Charlotte’s Web by E.B. White

Initially she was skeptical. “It’s so childish, ma’am,” she told me. “The animals talk!”

I convinced her to not to give up on it. If she let herself connect with it, I said, she would. After she finished the book she came back to me and cried.

“What’s wrong Jonu?” I asked.

“I really loved the book. It made me so sad and miss my friends back home.”

“I’m so sorry. But I’m really glad that you liked the book so much.”

“But ma’am,” she said, wiping tears from her cheeks. “Now I cannot read another story again.”

“Why not? I thought you said you liked reading it.”

She made her patented inexplicable-pain face: Her forehead wrinkled toward the middle and she scrunched her nose like she had just swallowed sour milk. “It’s just…”

“Yeah?”

“Now I’m worried that I’ll never read another book that is as good as Charlotte’s Web.”

Despite her fears, Jonu continued to read voraciously. I was so proud of her until an offhand comment from a colleague stopped me dead in my tracks.

“Jonu thinks that women are inferior to men,” the teacher informed me. The teacher went on to explain that during a discussion about gender roles, Jonu had theorized that these roles existed for biological reasons, and therefore it made sense that women should be regarded as inferior.

“So, hey Jonu,” I said casually after our next class. “I hear that you think men are superior to women. Is that true?”

Her eyes shot down and a slight smile rose on her face. “Well ma’am,” she said, “doesn’t biology make us the way we are? As women? It keeps us from doing lots of things. Isn’t that so?”

“Actually, no. We need to talk about this, because I can’t teach a student who thinks women are inferior.”

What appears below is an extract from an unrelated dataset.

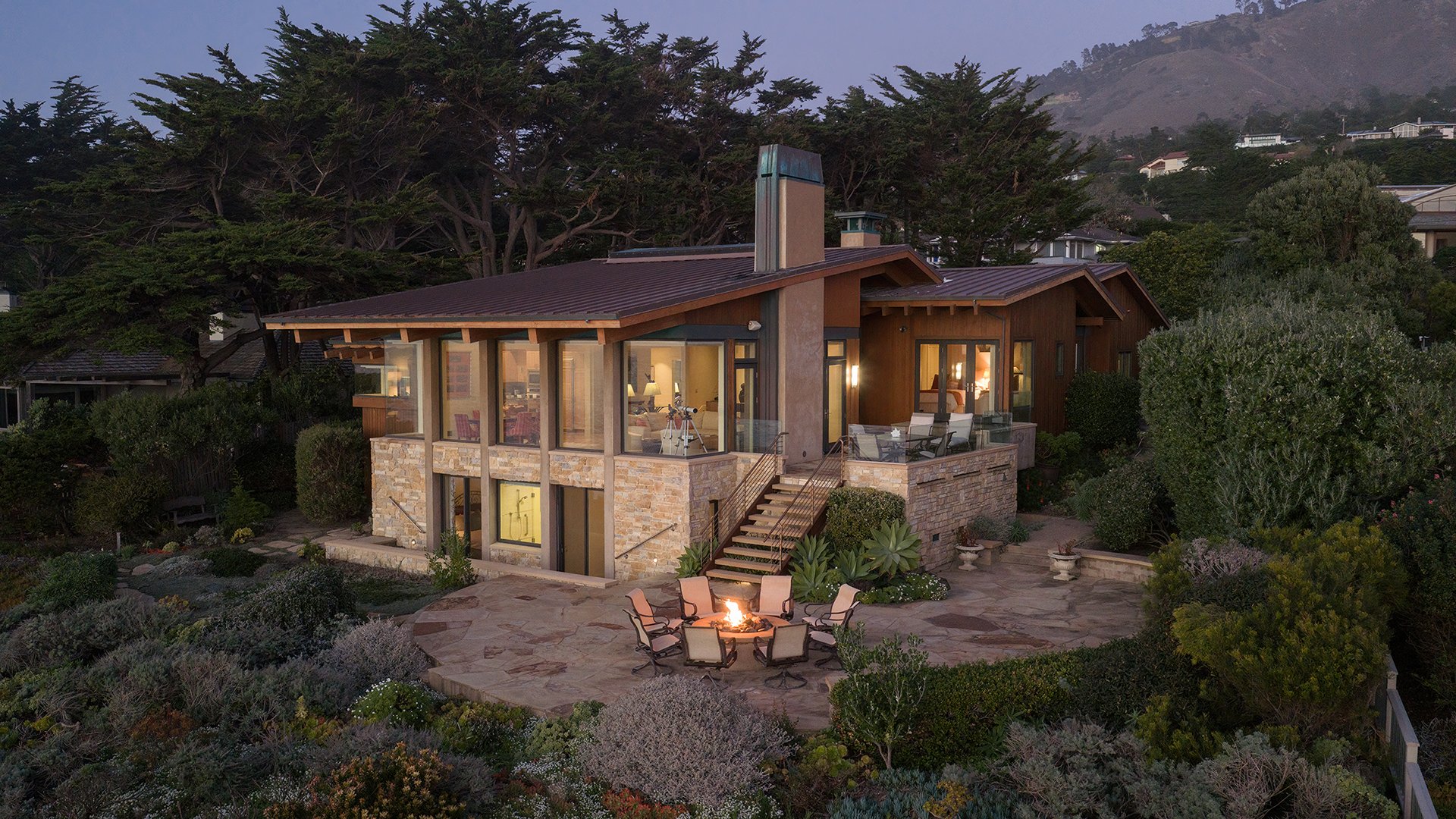Modern Oceanfront Retreat - 104 Yankee Point Dr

I think about the way my mother was raised, how there was no one around her to tell her that, if she chose, she could be more than a housewife.

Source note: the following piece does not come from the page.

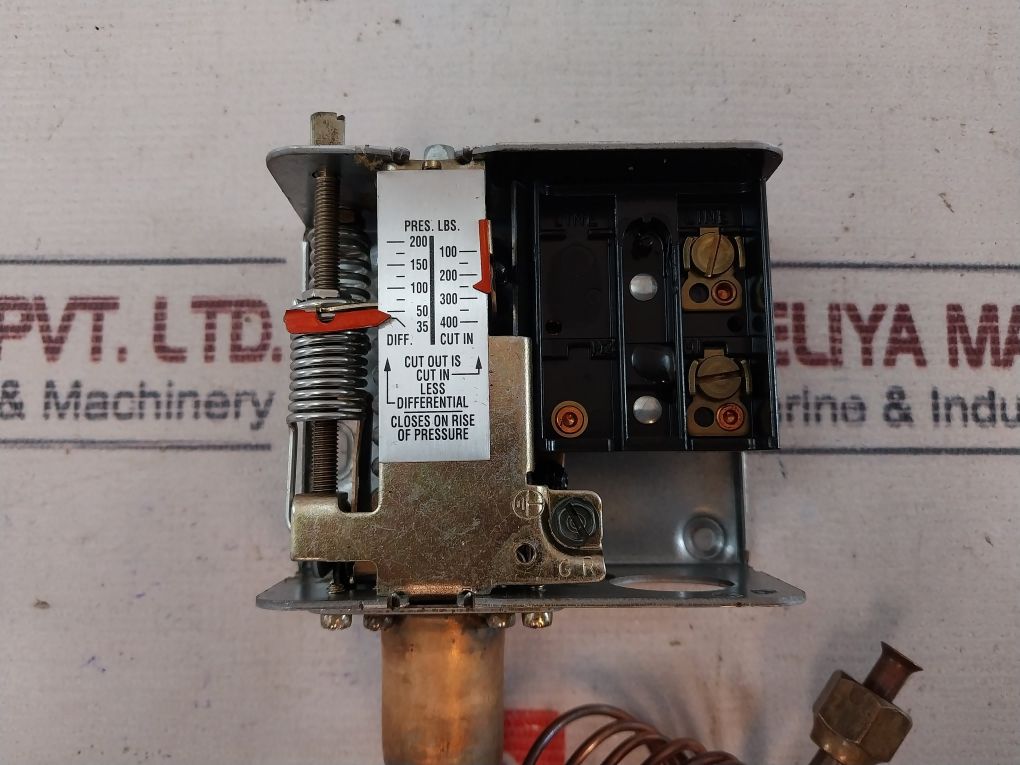 Johnson Controls P70Aa-118 Pressure Fan Cycling Control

We discussed the idea of socialization and how it dictates a lot of behavioral norms. But I also understood where she was coming from. It’s hard not to accept our lesser position as women when our inferiority is something that’s been ingrained into our cultures, minds, and lives. It’s in the way our own mothers raised us.

“Women are told to stay in the house and cook and clean, but there’s no biology behind that. Men can do it too, you know? It’s just what we’re taught when we’re kids.” I think about the way my mother was raised, how there was no one around her to tell her that, if she chose, she could be more than a housewife.

Jonu nodded. “This is something I’m still thinking about.”

“Do you think you’ll ever believe that women are equal to men on all levels?” I asked.

“Yes, ma’am.

“Soon?”

She smiled. “Every day I learn a different way to think about things. I think I can think about this differently too.”

My mother remains bewildered as to why in the world I would work for no money, but moments like these are my paycheck. I’m trying to use my pragmatic upbringing to help others grapple with the abstract. This is where my students decide to push aside stifling expectations, to rise above them, and to learn for learning’s sake.